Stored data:
----

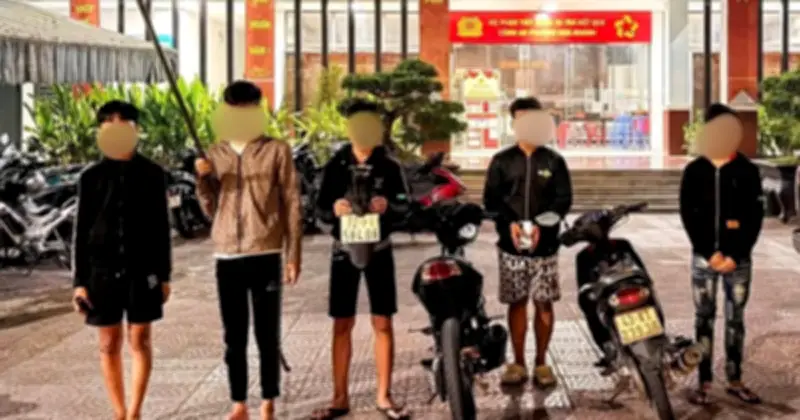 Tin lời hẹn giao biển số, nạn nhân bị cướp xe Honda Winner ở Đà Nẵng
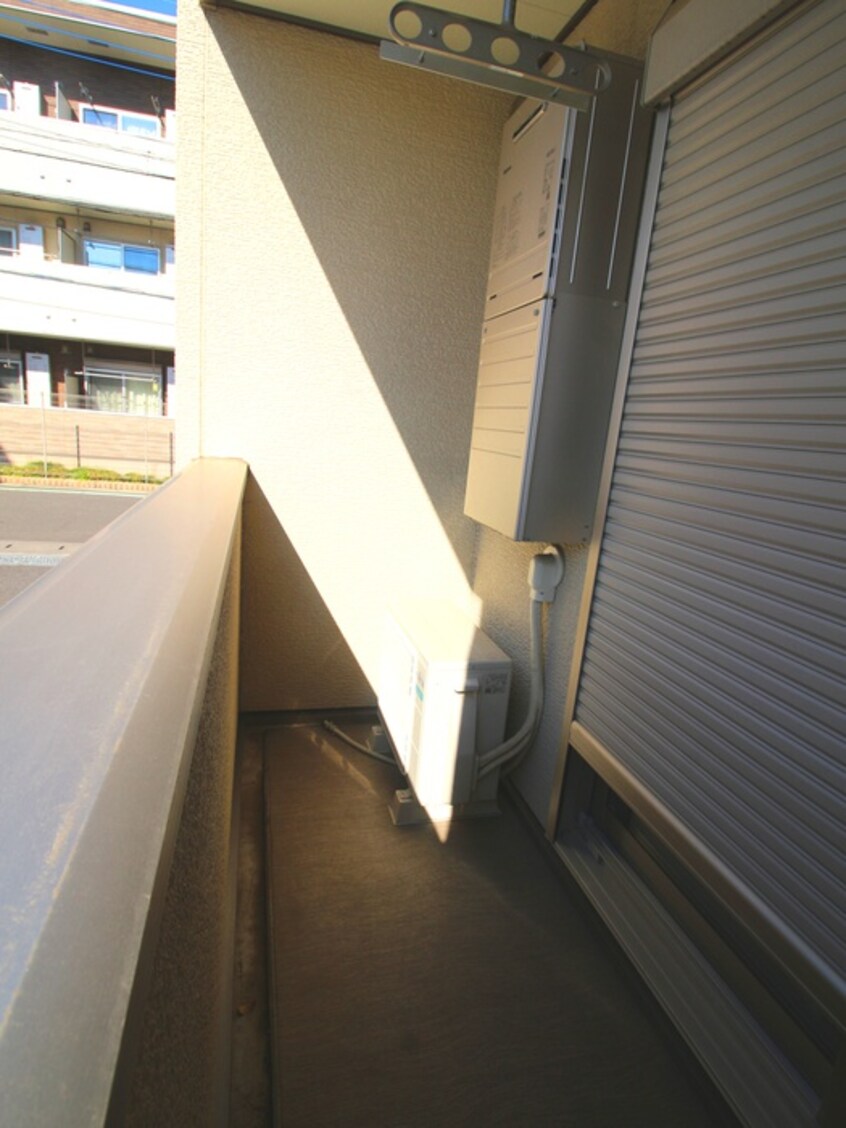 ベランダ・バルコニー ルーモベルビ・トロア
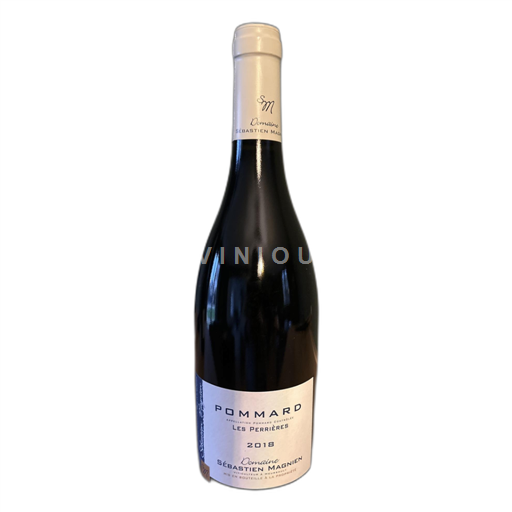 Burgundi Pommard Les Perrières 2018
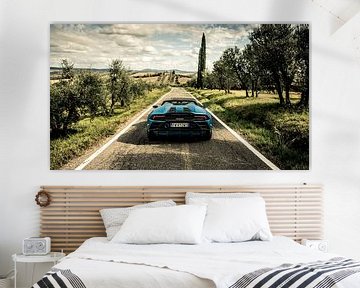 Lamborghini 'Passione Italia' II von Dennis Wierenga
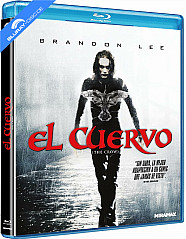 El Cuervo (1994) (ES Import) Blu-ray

----

• [WHAT YOU WILL DO]: The entries must be repeated exactly. Leave the images out.

• [FINAL ANSWER]:
 Tin lời hẹn giao biển số, nạn nhân bị cướp xe Honda Winner ở Đà Nẵng
 ベランダ・バルコニー ルーモベルビ・トロア
 Burgundi Pommard Les Perrières 2018
 Lamborghini 'Passione Italia' II von Dennis Wierenga
 El Cuervo (1994) (ES Import) Blu-ray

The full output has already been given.